A community’s appearance can be rearranged, but its heartbeat — the character of those who live community – cannot. Artist Shanequa Gay’s murals speak to history and community in LIT WITHOUT SHERMAN: A Love Letter to the West End (through October 15 at Hammonds House Museum).

The exhibition, which took Gay 21 days to complete, is a labor of love and a testament to Gay, whose work can be “public- and exchange-based, explore current social and ethical issues, and focus on the experiences of African-ascendant bodies and communities.”

As a child, Atlanta artist Shanequa Gay spent time in West End at her grandmother’s Oak Street home.

Her murals, including specially designed toile schema wallpaper (a simple, repeating decorating pattern), take up almost every inch of the museum’s wall space without compromising its Victorian style. Upon entering, you’ll notice calming blue walls with white silhouettes. They complement the museum’s latticework, wainscoting and wood floors. Round the corner and you’ll see walls painted in bold oranges and reds and featuring larger-than-life images, aka the Welcoming Committee. You’ll see street signs — Ralph David Abernathy Boulevard, West End Place and Lee Street, for example — and delightful depictions of boys selling water and Muslim brothers selling bean pies.

The next room features W.E.B. Du Bois as a drum major, poised high above a fireplace mantel in an ode to the Atlanta University Center. You’ll see the distinct logo lettering of Clark Atlanta University and Morehouse College, the pillared arch logo of Spelman College and facial outlines of men and women inside filigree-style painted frames. Gay’s inverted use of red, black and green is a message of pride. Like the Pan-African flag, it speaks to the black liberation integral to the West End community.

Just as Hammonds House speaks to the art of the African diaspora, Gay’s art speaks to West End. There’s a playful peacefulness, an almost imaginary side to her work, from her use of blue to her bold illustrations.

Literature or gallery information would help serve as a guide here. Newcomers may not realize that recorded voices heard in the distance are part of the show. They come from those who grew up, spent time or still live in West End, and they give these love letters context. In a video collaboration, the people in Gay’s stationary illustrations walk out of the stillness to share their stories.
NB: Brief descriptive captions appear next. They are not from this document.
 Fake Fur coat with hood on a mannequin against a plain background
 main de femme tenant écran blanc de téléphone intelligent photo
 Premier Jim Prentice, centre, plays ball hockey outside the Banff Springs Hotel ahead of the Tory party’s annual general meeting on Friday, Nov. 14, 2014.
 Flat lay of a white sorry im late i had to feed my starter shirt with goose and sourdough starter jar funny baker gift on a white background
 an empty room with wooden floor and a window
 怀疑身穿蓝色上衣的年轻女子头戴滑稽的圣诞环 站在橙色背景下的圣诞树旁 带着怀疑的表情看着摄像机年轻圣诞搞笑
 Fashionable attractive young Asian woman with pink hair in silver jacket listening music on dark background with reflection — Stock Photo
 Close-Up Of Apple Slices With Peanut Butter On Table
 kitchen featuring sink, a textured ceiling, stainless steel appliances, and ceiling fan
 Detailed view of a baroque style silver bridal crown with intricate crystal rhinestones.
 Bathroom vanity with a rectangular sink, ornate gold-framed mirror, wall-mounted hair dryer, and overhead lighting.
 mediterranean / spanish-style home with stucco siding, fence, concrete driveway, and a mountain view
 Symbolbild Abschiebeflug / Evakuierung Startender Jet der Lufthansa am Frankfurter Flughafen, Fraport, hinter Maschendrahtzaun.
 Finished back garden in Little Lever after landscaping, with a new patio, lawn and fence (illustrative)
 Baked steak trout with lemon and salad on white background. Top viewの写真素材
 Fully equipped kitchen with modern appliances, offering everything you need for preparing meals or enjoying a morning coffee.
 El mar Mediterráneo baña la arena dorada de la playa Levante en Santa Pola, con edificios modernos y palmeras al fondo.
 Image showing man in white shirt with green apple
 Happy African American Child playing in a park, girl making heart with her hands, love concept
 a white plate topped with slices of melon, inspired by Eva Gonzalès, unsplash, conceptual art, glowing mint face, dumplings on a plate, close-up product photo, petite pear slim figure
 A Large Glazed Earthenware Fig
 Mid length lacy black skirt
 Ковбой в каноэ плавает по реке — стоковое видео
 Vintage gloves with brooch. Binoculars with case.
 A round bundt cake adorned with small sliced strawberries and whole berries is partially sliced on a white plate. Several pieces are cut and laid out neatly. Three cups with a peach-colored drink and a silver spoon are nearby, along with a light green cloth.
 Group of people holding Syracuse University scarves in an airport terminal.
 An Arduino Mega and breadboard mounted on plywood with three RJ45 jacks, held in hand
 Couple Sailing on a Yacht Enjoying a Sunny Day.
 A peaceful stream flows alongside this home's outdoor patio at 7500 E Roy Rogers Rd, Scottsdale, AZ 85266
Gay and the museum want to showcase community, so videos of historically black college and university alumni, business owners and neighbors speak to the area’s glory and challenges.

The larger-than-life Welcoming Committee greets visitors in a space around the corner from the museum’s entrance.

In many respects, West End was an authentic live-work-play community before the term came into popular use a decade ago. In his video, spoken-word poet Adán Bean describes West End as the “sauce secret that was best kept . . . we lived without Sherman.”

Gay’s childhood connection to West End was time spent at her grandmother’s house on Oak Street. LIT WITHOUT SHERMAN, she says, “doesn’t hide from history. Stories speak as loudly and as quietly on every available inch of the walls, a visual coded language.” The phrase “million-dollar block” shows up several times and refers to drug dealing. It’s clear that Gay doesn’t back away from the truth regardless of its ugliness.

West End Saints depicts six figures in flowing robes and includes (from left) real estate broker Lottie Watkins, funeral director Willie A. Watkins and Hammonds House namesake Dr. Otis Hammonds.

Her fanciful characterizations continue after the first landing (the museum offers access for those with physical challenges). You’ll experience the exhibit’s crowning glory as natural light shines through a bay window. Ahead are six larger-scale angelic beings, announced in a black-and-gold banner as West End Saints — civil rights activist Jamil Abdullah Al-Amin (aka H. Rap Brown); novelist/playwright Pearl Cleage; the Rev. Albert B. Cleage, a religious leader and founder of the Shrine of the Black Madonna bookstore; Lottie Watkins, the first black woman to sell real estate in Atlanta; funeral home director Willie A. Watkins; and Dr. Otis Hammonds, the physician and arts patron for whom the museum is named.

Gay displays the fully colored skin tones and spirited facial details of each saint; all wear variations of flowing gray and black robes. Sacredness. You won’t see the saints’ complete bodies, just wisps of robing. Each has a subtle streak or two reminiscent of the blue hue seen in the gallery below. It’s as if the saints are speaking their own West End love, passing the emotion forward as life lessons that must continue.

LIT WITHOUT SHERMAN: A Love Letter to the West End is more than buildings and historic markers. It’s a love letter of humanity, pride and the will to endure.